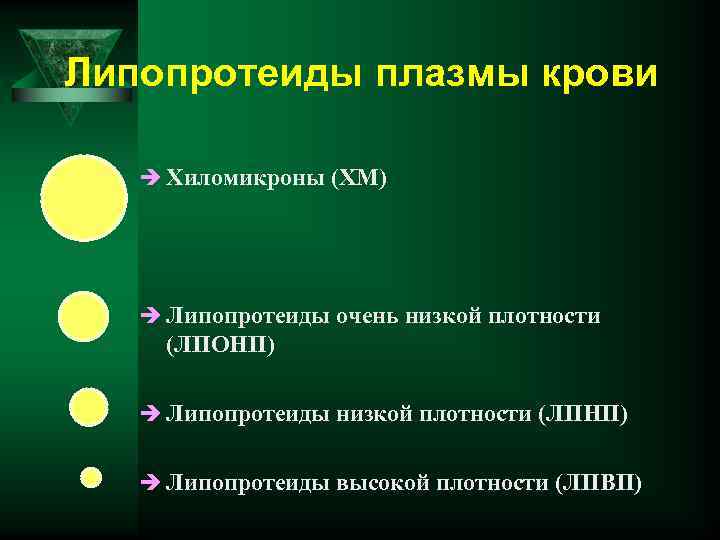Липопротеиды плазмы крови è Хиломикроны (ХМ) è Липопротеиды очень низкой плотности (ЛПОНП) è Липопротеиды
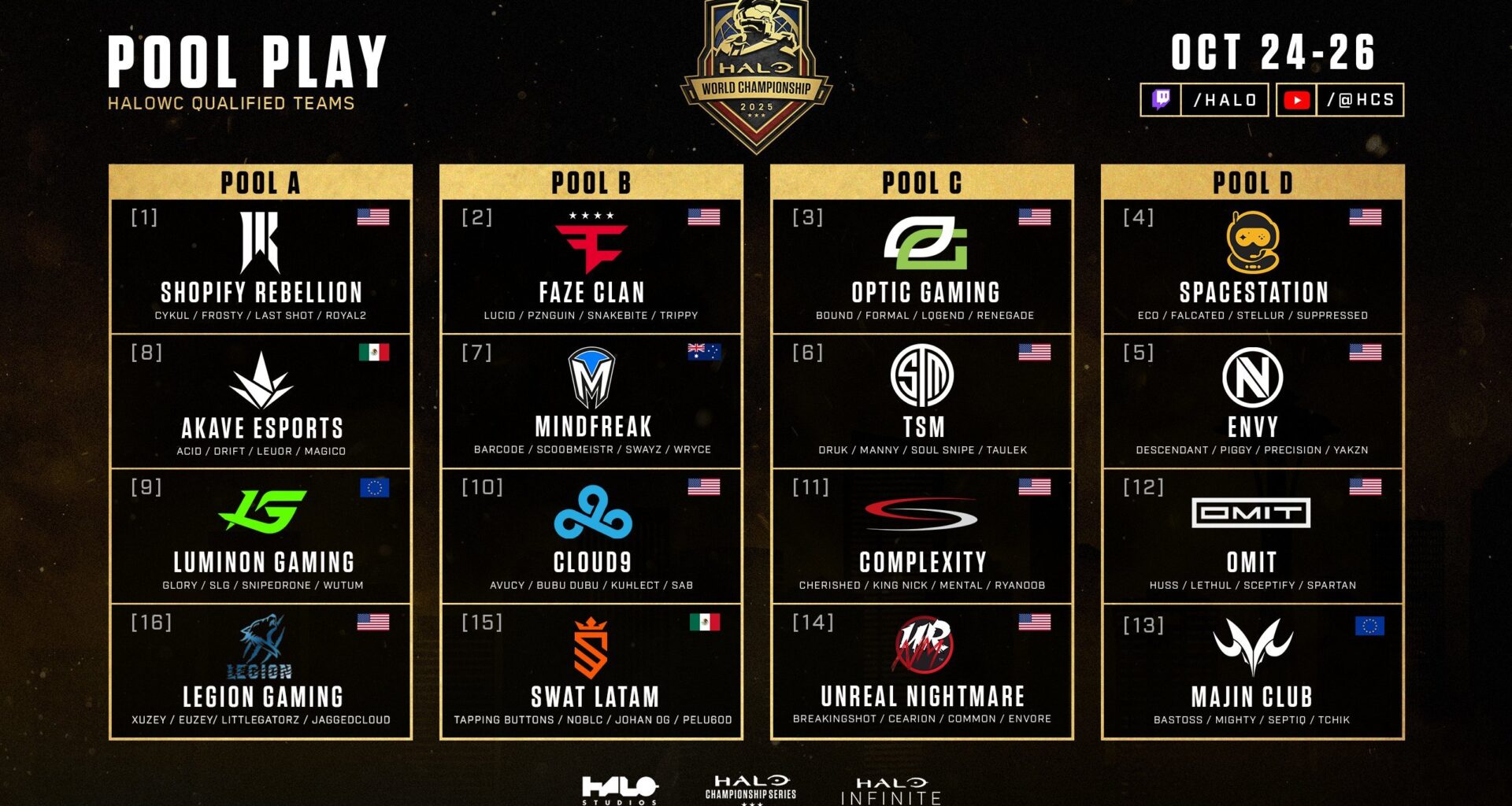 Verdensmesterskapet i Halo 2025: Her er de bekreftede lagene og puljene - Halo Infinite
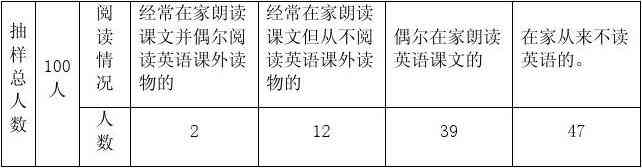 小学英语学现状与学生问题分析：年级英语教学挑战与文库资源利用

* **Work to complete**: Omit every picture, then reproduce the rest of the listing exactly.

* **Task output**:
Липопротеиды плазмы крови è Хиломикроны (ХМ) è Липопротеиды очень низкой плотности (ЛПОНП) è Липопротеиды
 Verdensmesterskapet i Halo 2025: Her er de bekreftede lagene og puljene - Halo Infinite
 小学英语学现状与学生问题分析：年级英语教学挑战与文库资源利用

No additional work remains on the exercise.